Recognizing and addressing these underlying issues through trauma-informed care and early intervention is crucial in preventing and treating both SUDs and criminal conduct.

When law enforcement chooses to deflect rather than arrest, they attack drug-related crime and drug-seeking behavior at its root, addiction. Deflection shows promise to be able to go even further by addressing the cause of the addiction, in many cases, which is the trauma that preceded it.

HARM REDUCTION

Harm reduction—as one component of a continuum of care that includes engagement, treatment, and medications—is an evidence-based approach that offers people who use drugs resources and information to reduce their risks and potentially save their lives (CDC, April 2024). Implementing harm reduction strategies through community and police partnerships helps to reduce the harm to the community of criminal acts, while also promoting the health of the individual and the community.

Harm reduction is not a new concept in the criminal justice system. Practices such as restorative justice, victim impact panels, victim impact statements during sentencing, and restitution all aim to minimize the harm caused by certain crimes. Similarly, the use of overdose reversal supplies, substance test kits (like fentanyl test strips), wound care supplies, and medication lock boxes are harm reduction tools that specifically address the harm of drug-related crimes. These approaches are part of a comprehensive deflection initiatives, aimed at mitigating the negative consequences of both crime and substance use.

COMMUNITY POLICING

To effectively deal with criminal behavior associated with drug-related crime, police, other first responders, and treatment professionals must work together. A bridge between police and treatment is needed, and deflection draws on 40 years of lessons from community policing to create that bridge.

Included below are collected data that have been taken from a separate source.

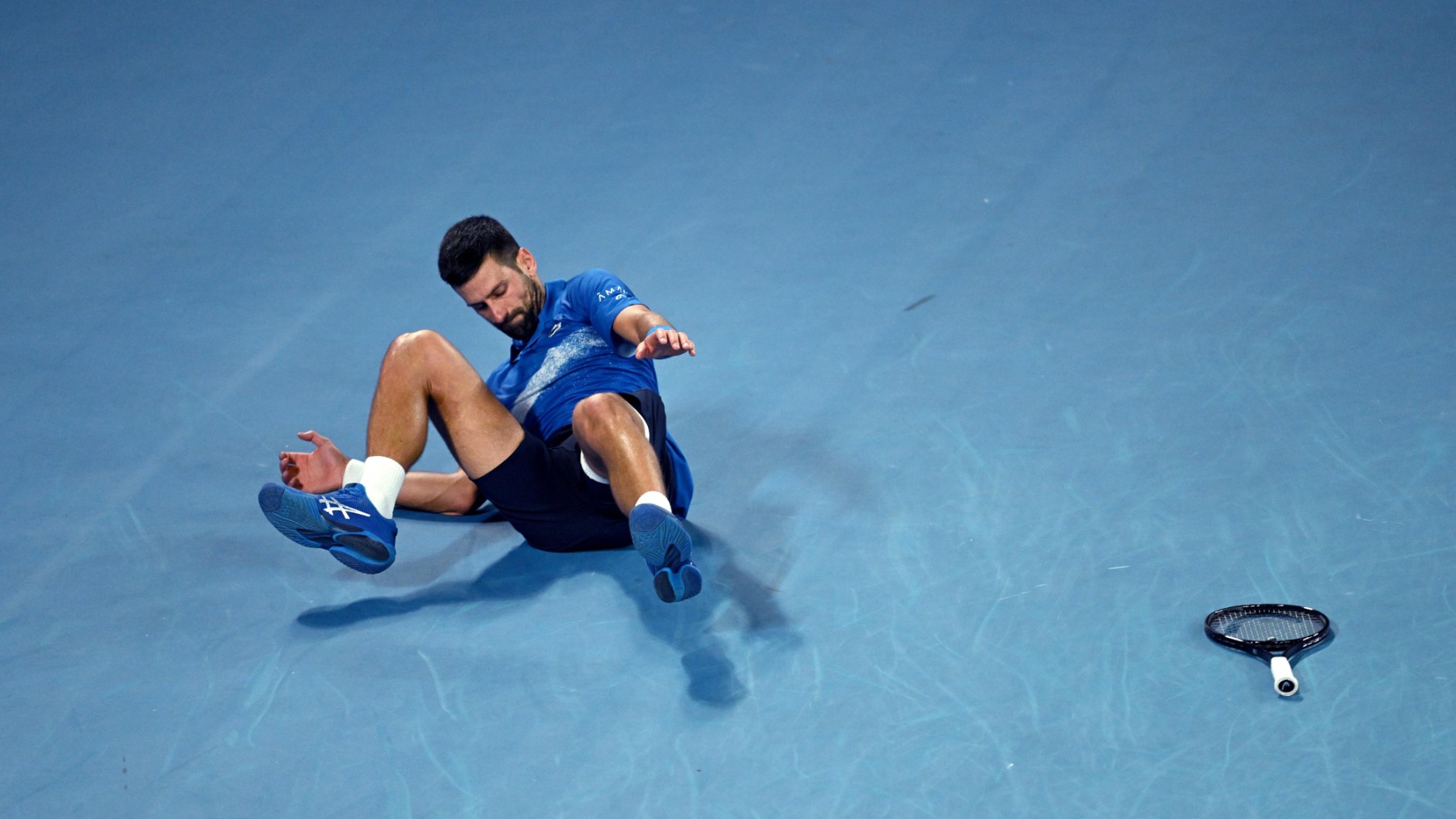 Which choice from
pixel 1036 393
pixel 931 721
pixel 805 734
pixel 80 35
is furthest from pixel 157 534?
pixel 80 35

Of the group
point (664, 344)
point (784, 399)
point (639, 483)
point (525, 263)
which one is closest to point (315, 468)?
point (525, 263)

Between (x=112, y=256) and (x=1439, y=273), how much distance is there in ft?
15.5

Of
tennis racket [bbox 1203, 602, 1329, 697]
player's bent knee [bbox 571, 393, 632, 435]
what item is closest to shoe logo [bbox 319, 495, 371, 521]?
player's bent knee [bbox 571, 393, 632, 435]

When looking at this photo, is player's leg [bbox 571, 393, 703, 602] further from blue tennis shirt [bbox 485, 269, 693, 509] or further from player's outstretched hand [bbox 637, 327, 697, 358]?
player's outstretched hand [bbox 637, 327, 697, 358]

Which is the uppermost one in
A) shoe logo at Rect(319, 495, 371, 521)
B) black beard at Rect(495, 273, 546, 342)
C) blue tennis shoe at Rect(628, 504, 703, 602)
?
black beard at Rect(495, 273, 546, 342)

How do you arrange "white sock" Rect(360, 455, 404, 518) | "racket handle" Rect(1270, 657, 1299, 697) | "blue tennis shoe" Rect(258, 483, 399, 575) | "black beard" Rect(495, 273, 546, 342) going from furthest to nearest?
"black beard" Rect(495, 273, 546, 342) → "white sock" Rect(360, 455, 404, 518) → "blue tennis shoe" Rect(258, 483, 399, 575) → "racket handle" Rect(1270, 657, 1299, 697)

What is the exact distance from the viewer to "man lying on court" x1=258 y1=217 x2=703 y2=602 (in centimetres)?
326

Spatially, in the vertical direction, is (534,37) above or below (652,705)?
above

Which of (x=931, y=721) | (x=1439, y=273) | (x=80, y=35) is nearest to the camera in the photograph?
(x=931, y=721)

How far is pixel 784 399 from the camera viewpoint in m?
4.25

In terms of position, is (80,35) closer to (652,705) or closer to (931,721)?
(652,705)

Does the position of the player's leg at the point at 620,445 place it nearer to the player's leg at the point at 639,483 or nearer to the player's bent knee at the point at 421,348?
the player's leg at the point at 639,483

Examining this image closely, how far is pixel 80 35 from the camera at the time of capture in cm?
673

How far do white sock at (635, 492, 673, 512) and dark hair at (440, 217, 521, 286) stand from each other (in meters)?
0.78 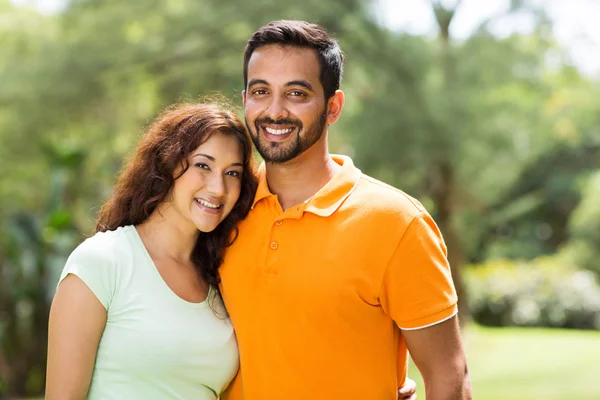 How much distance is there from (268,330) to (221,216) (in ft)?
1.56

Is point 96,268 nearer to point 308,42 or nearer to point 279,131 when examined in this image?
point 279,131

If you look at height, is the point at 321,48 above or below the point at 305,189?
above

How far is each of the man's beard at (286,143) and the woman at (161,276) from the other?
5.7 inches

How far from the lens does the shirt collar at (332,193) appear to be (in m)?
2.73

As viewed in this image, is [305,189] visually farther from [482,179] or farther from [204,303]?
[482,179]

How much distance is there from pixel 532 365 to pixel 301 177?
10026mm

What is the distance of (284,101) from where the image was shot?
2.79 m

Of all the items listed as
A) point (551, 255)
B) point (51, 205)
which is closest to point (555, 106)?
point (551, 255)

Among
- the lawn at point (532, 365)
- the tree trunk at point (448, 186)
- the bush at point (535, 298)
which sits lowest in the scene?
the bush at point (535, 298)

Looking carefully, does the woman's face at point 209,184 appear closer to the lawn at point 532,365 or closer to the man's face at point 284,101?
the man's face at point 284,101

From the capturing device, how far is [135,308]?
2.70 m

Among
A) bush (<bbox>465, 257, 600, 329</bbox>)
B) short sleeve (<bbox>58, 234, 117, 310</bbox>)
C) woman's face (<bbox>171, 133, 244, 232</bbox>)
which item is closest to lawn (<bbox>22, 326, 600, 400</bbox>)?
bush (<bbox>465, 257, 600, 329</bbox>)

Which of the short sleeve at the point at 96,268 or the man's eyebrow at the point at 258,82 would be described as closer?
the short sleeve at the point at 96,268

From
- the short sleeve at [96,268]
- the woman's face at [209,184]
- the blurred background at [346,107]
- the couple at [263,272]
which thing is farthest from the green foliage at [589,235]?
the short sleeve at [96,268] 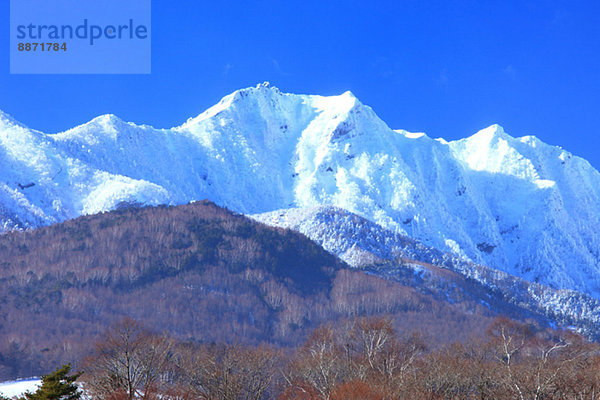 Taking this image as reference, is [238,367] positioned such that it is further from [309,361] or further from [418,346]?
[418,346]

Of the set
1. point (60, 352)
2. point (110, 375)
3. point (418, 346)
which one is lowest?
point (110, 375)

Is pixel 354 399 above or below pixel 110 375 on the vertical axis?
below

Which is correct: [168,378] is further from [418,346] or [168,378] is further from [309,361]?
[418,346]

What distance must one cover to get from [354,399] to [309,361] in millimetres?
41126

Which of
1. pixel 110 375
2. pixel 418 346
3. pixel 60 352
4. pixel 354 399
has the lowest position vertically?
pixel 354 399

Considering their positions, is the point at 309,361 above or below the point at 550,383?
above

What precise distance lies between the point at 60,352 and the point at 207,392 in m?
98.6

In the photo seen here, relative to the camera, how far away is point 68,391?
222 ft

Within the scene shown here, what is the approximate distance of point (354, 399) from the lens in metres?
74.1

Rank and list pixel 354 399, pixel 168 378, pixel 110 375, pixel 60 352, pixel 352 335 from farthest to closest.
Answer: pixel 60 352 → pixel 352 335 → pixel 168 378 → pixel 110 375 → pixel 354 399

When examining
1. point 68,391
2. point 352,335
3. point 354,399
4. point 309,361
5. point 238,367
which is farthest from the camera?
point 352,335

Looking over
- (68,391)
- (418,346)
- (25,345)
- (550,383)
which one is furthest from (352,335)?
(25,345)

While community policing means different things to different communities and its implementation varies throughout the nation (Maguire, 2009, p. xv), it is, “in essence, a collaboration between the police and the community that identifies and solves community problems” (Bureau of Justice Assistance, 1994). Indeed, partnership building is the first of the five critical elements of successful first responder deflection programs (COSSUP, 2020).

Effective community policing also demonstrates that addressing underlying social issues such as poverty, addiction, and mental health through partnerships can reduce crime more sustainably than reactive enforcement. In other words, pro-active support is preferred over punishment.

The goal is preventing crime, not catching criminals. If the police stop crime before
it happens, we don’t have to punish citizens or suppress their rights. An effective
police department doesn’t have high arrest stats; its community has low crime rates.
– A core idea of Sir Robert Peel (1788–1850), who established the first organized
police force in London in 1829 (LEAP, n.d.)

III. EFFECTIVENESS OF DEFLECTION

The discipline of connecting individuals to treatment as an alternative to arrest has been practiced formally in the United States since 2011 (Legislative Analysis and Public Policy Association [LAPPA], 2023). Describing this practice, the term “deflection” was first introduced into the justice field in a 2015 Police Chief magazine article entitled “Want to Reduce Drugs in Your Community? You Might Want to Deflect Instead of Arrest,” published by the International Association of Chiefs of Police (Charlier, 2015).

The preponderance of available deflection data emanates from the U.S., as presented further below. And although not necessarily so named, the practice is gaining traction and showing success in a number of countries.

For instance, in the United Kingdom, particularly in Thames Valley, deflection approaches are referred to as “diversion schemes” or fall under “out-of-court disposals.” The Thames Valley Deflection Program, run by the Thames Valley Police and the Violence Reduction Unit, directs individuals to support services such as addiction treatment, mental health care, and social services. This approach has significantly improved outcomes, lowering reoffending rates while providing individuals with critical support (Centre for Justice Innovation, 2020; College of Policing, 2022). In addition, the Thames Valley Police report significant time savings, estimating that a possession offense consumes approximately 12 hours of police time, compared to only 20 minutes to deflect someone (Transform Drug Policy Foundation [TDPF], n.d.).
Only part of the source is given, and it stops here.